Several recent news stories have highlighted the ways that online social platforms can subtly shape our lives. First came the news that Facebook has “manipulated” users’ emotions by tweaking the balance of happy and sad posts that it shows to some users. Then, this week, the popular online dating service OKCupid announced that it had deliberately sent its users on dates that it predicted would not go well. OKCupid asks users questions, and matches them up based on their answers (for example, “do you like horror movies?”), using the answers to compute a “match percentage” showing how likely two people are to get along.
In the test that it disclosed this week, OKCupid explained, it displayed false match percentages for a few users — telling them that they were much better matched, or much worse matched, than the numbers actually predicted — in order to test how well the matching system predicted actual compatibility. Once the test was over, OKCupid informed users that their match percentages had been temporarily distorted.
Many observers have objected to OKCupid’s “lying” to its users and to Facebook’s “emotional manipulation,” arguing that such tests should not happen invisibly or that people should be afraid of the way sites like these can shape their lives.
These opaque, data-driven predictions of what news you’ll want from your network of friends, or who you might like to date, are scary in part because they have an element of self-fulfilling prophecy, a quality they share with more consequential “big data” predictions. In a civil rights context, automatic predictions can be particularly concerning because they may tend to reinforce existing disparities. For example, if historic arrest statistics are used to target law enforcement efforts, the history of over-enforcement in communities of color (which is reflected in these numbers) may lead to a system predicting more crime in those communities, bringing them under greater law enforcement scrutiny. Over time, minor crimes that occur in these communities may be prosecuted while the same crimes occurring elsewhere go unrecorded — leading to an exaggerated “objective” record of the targeted neighborhood’s higher crime rate.

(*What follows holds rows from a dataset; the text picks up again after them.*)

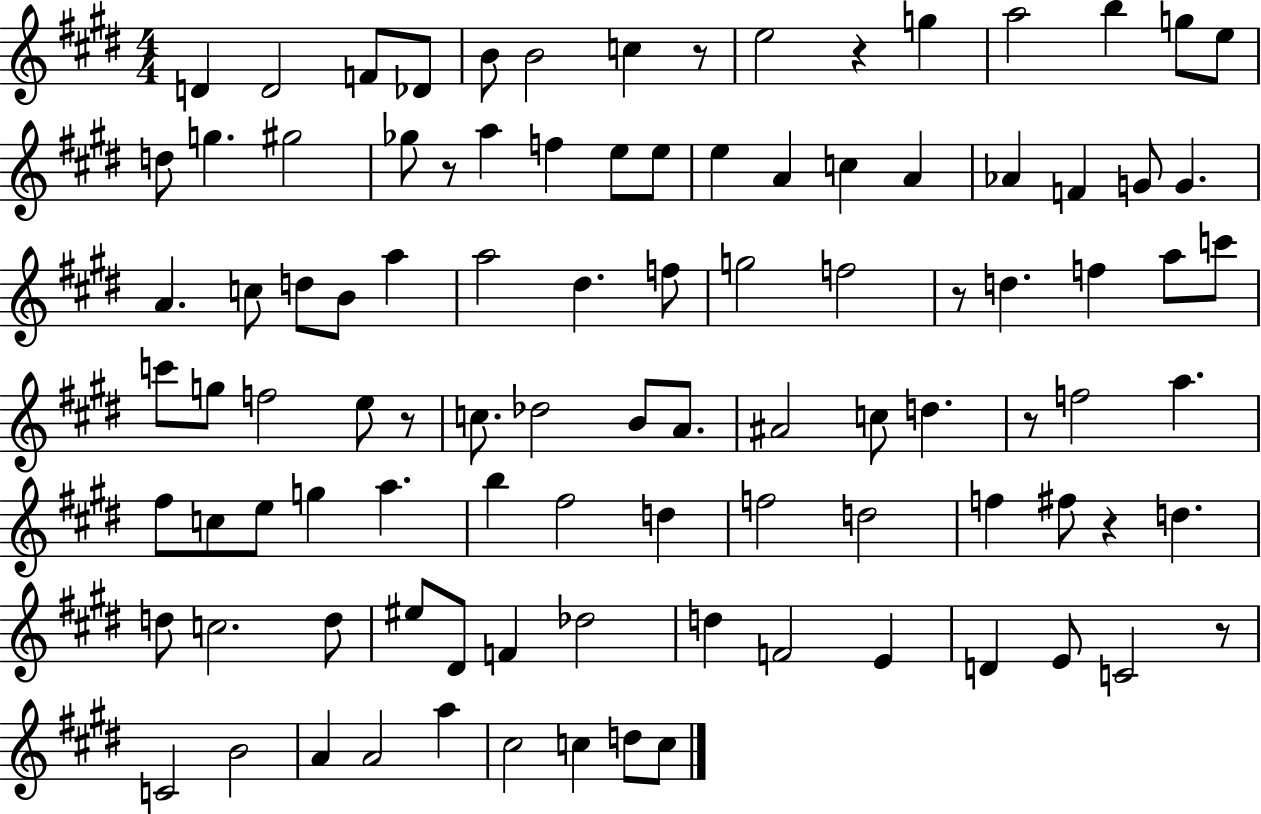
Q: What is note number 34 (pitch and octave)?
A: A5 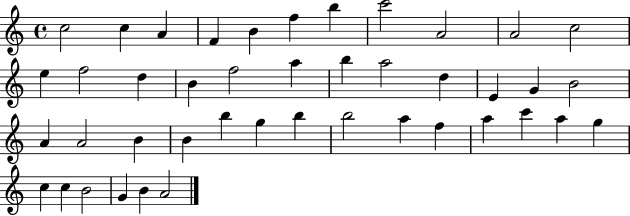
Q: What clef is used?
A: treble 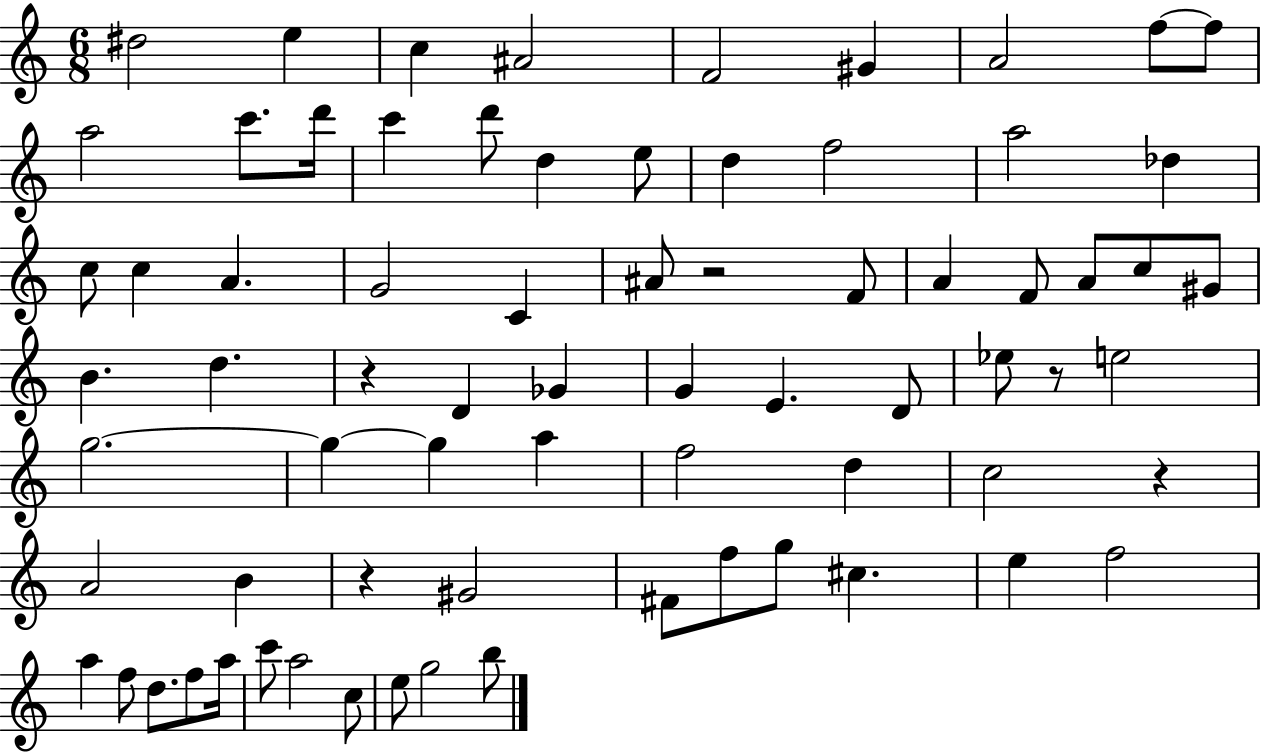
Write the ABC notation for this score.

X:1
T:Untitled
M:6/8
L:1/4
K:C
^d2 e c ^A2 F2 ^G A2 f/2 f/2 a2 c'/2 d'/4 c' d'/2 d e/2 d f2 a2 _d c/2 c A G2 C ^A/2 z2 F/2 A F/2 A/2 c/2 ^G/2 B d z D _G G E D/2 _e/2 z/2 e2 g2 g g a f2 d c2 z A2 B z ^G2 ^F/2 f/2 g/2 ^c e f2 a f/2 d/2 f/2 a/4 c'/2 a2 c/2 e/2 g2 b/2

But just because predictions are opaque — and just because they are self-fulfilling prophecies — does not necessarily mean that they’ll turn out to be bad for people, or harmful to civil rights. Computerized, self-fulfilling prophecies of positive social justice outcomes could be a key tool for civil rights.

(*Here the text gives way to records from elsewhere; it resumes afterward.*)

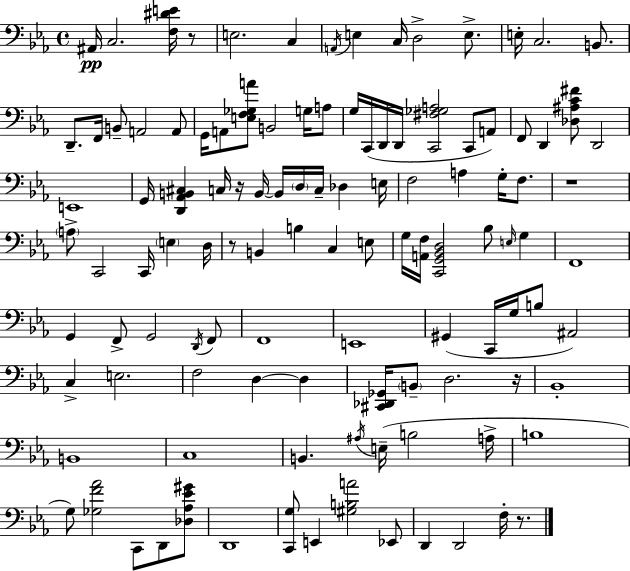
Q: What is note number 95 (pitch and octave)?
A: F3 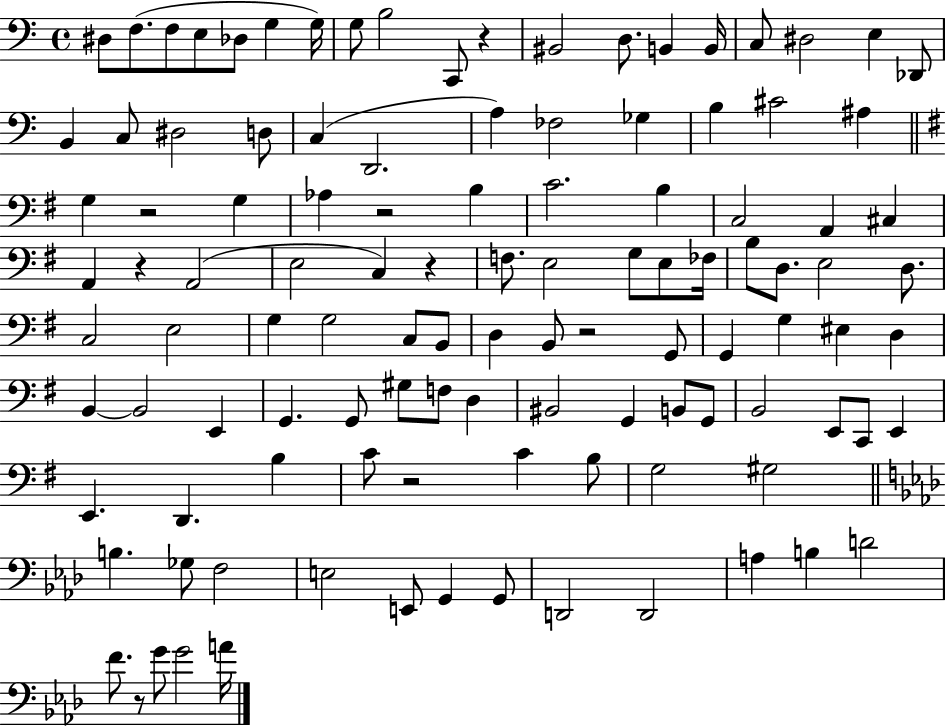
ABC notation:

X:1
T:Untitled
M:4/4
L:1/4
K:C
^D,/2 F,/2 F,/2 E,/2 _D,/2 G, G,/4 G,/2 B,2 C,,/2 z ^B,,2 D,/2 B,, B,,/4 C,/2 ^D,2 E, _D,,/2 B,, C,/2 ^D,2 D,/2 C, D,,2 A, _F,2 _G, B, ^C2 ^A, G, z2 G, _A, z2 B, C2 B, C,2 A,, ^C, A,, z A,,2 E,2 C, z F,/2 E,2 G,/2 E,/2 _F,/4 B,/2 D,/2 E,2 D,/2 C,2 E,2 G, G,2 C,/2 B,,/2 D, B,,/2 z2 G,,/2 G,, G, ^E, D, B,, B,,2 E,, G,, G,,/2 ^G,/2 F,/2 D, ^B,,2 G,, B,,/2 G,,/2 B,,2 E,,/2 C,,/2 E,, E,, D,, B, C/2 z2 C B,/2 G,2 ^G,2 B, _G,/2 F,2 E,2 E,,/2 G,, G,,/2 D,,2 D,,2 A, B, D2 F/2 z/2 G/2 G2 A/4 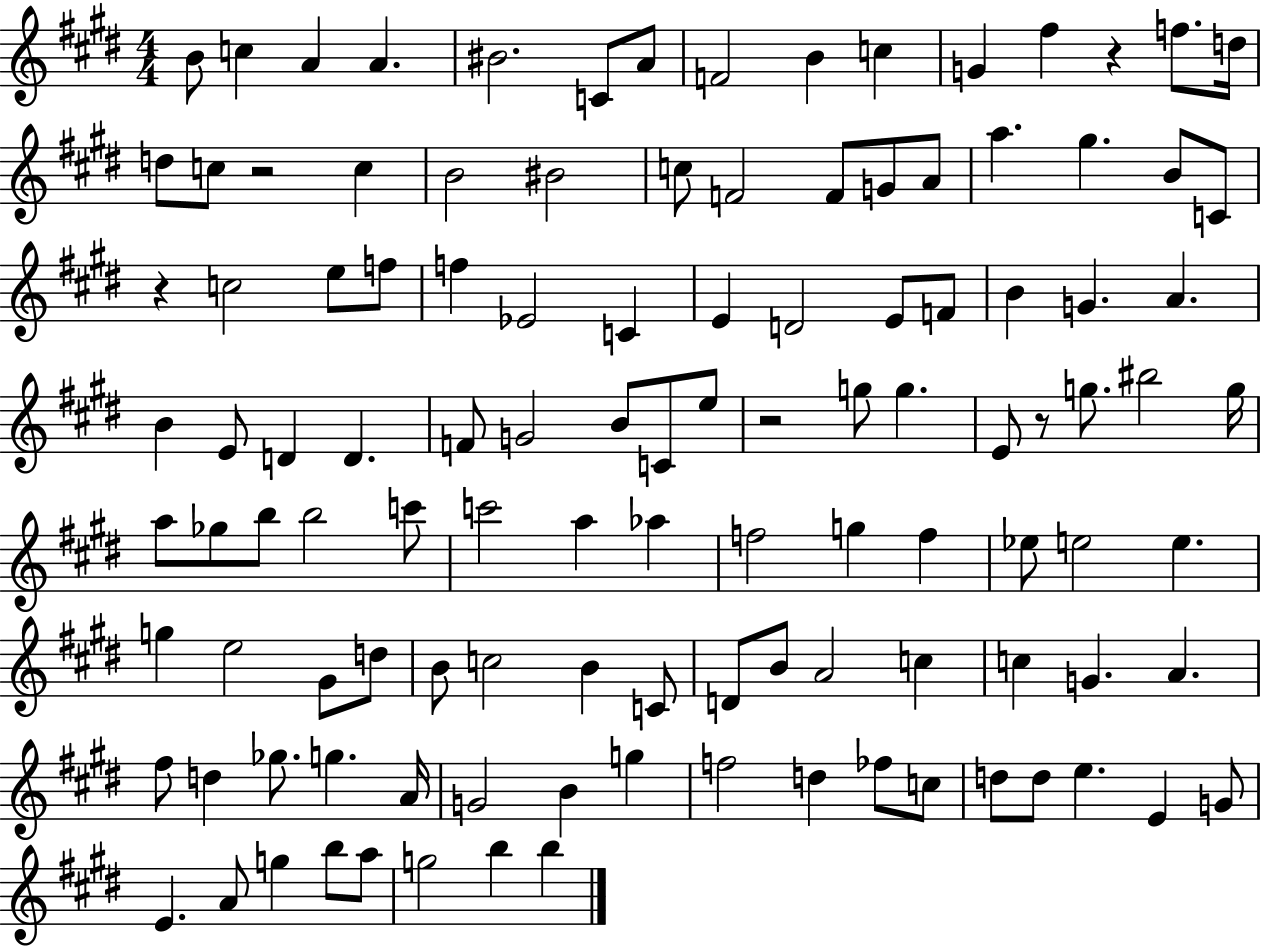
B4/e C5/q A4/q A4/q. BIS4/h. C4/e A4/e F4/h B4/q C5/q G4/q F#5/q R/q F5/e. D5/s D5/e C5/e R/h C5/q B4/h BIS4/h C5/e F4/h F4/e G4/e A4/e A5/q. G#5/q. B4/e C4/e R/q C5/h E5/e F5/e F5/q Eb4/h C4/q E4/q D4/h E4/e F4/e B4/q G4/q. A4/q. B4/q E4/e D4/q D4/q. F4/e G4/h B4/e C4/e E5/e R/h G5/e G5/q. E4/e R/e G5/e. BIS5/h G5/s A5/e Gb5/e B5/e B5/h C6/e C6/h A5/q Ab5/q F5/h G5/q F5/q Eb5/e E5/h E5/q. G5/q E5/h G#4/e D5/e B4/e C5/h B4/q C4/e D4/e B4/e A4/h C5/q C5/q G4/q. A4/q. F#5/e D5/q Gb5/e. G5/q. A4/s G4/h B4/q G5/q F5/h D5/q FES5/e C5/e D5/e D5/e E5/q. E4/q G4/e E4/q. A4/e G5/q B5/e A5/e G5/h B5/q B5/q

One example of the opportunity for positive self-fulfilling prophecies may lie in education. There is strong evidence of self-fulfilling prophecies when students are told that they are likely or unlikely to do well in school. Those told they are likely to do better are, other things equal and just by dint of the prediction, likely to do better (a finding known as the “Pygmalion effect“). Meanwhile, when students are told that others like them have generally fared poorly, they become more likely to do poorly themselves (an effect known as “stereotype threat“).

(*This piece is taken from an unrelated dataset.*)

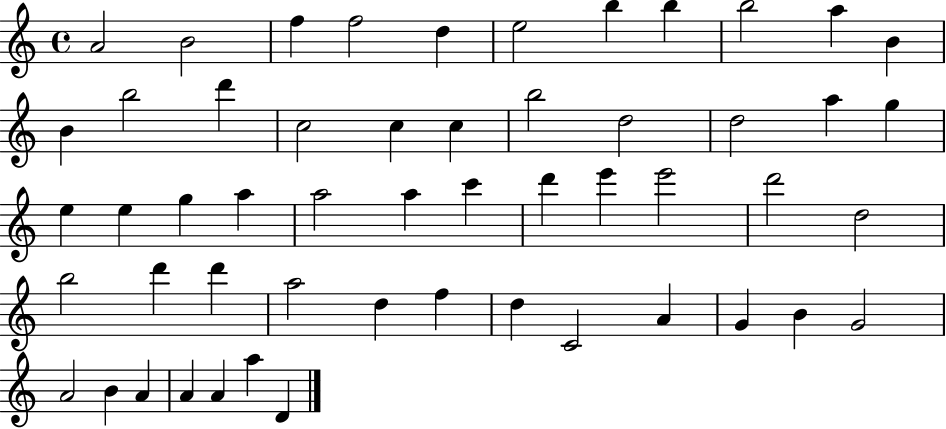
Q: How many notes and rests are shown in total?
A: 53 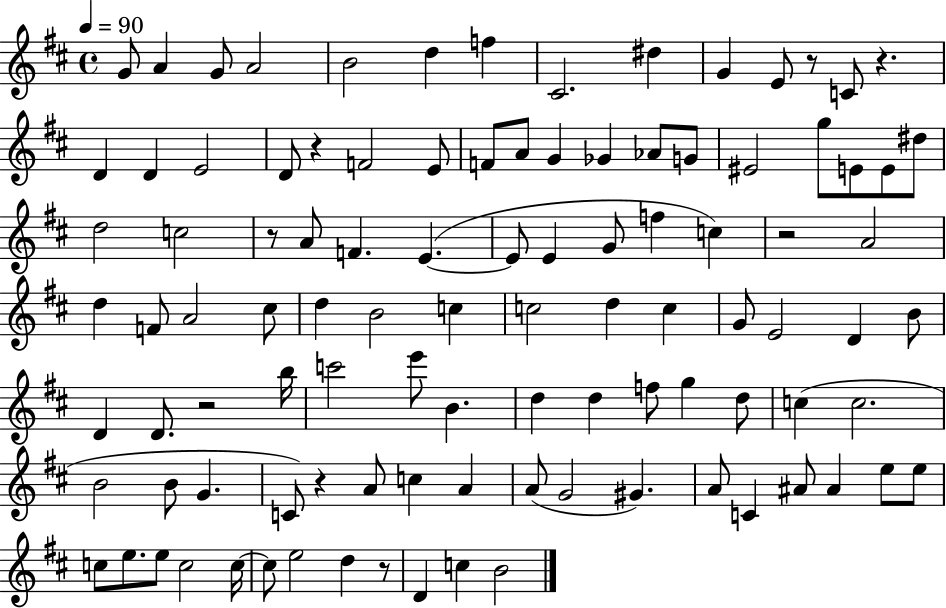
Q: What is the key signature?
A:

Educational tools that harness big data to provide feedback to students and teachers could, potentially, harness these effects. For example, a new system called Course Signals uses data mining to predict the likely future performance of college students in a particular course, rating them as green (on track to do well) yellow, or red (likely to do poorly). The designers of a system like Course Signals might choose to use the self-fulfilling nature of its predictions as a force for good, perhaps by predicting slightly better performances by striving but low-performing students than the first-order data about such students would initially appear to justify. In a case like that, the opaque nature of the predictions, and the automatic deference that human beings often accord to predictive analytics, might be pressed into service to advance educational equity.
Increasingly pervasive, increasingly robust “big data” predictions may tend to entrench the status quo more thoroughly and more effectively than some of the pre-digital decision-making processes they are replacing. And that’s a reason for social justice advocates — whose most basic point is that some patterns still need to change — to be skeptical of such systems. But in the end, there are lots of goals that could be pursued through the manipulation of big data, and some of those goals may advance the social good.
In offering these thoughts, I mean to invite further scrutiny of these systems and the ways that we use them. Many uses of such systems may be socially harmful, and it might turn out in the end that we would be best off sharply limiting the role of opaque predictions in our lives. But we should open ourselves to a wider-ranging conversation, one that acknowledges the possibility of socially constructive as well as discriminatory uses of the hidden power of algorithms.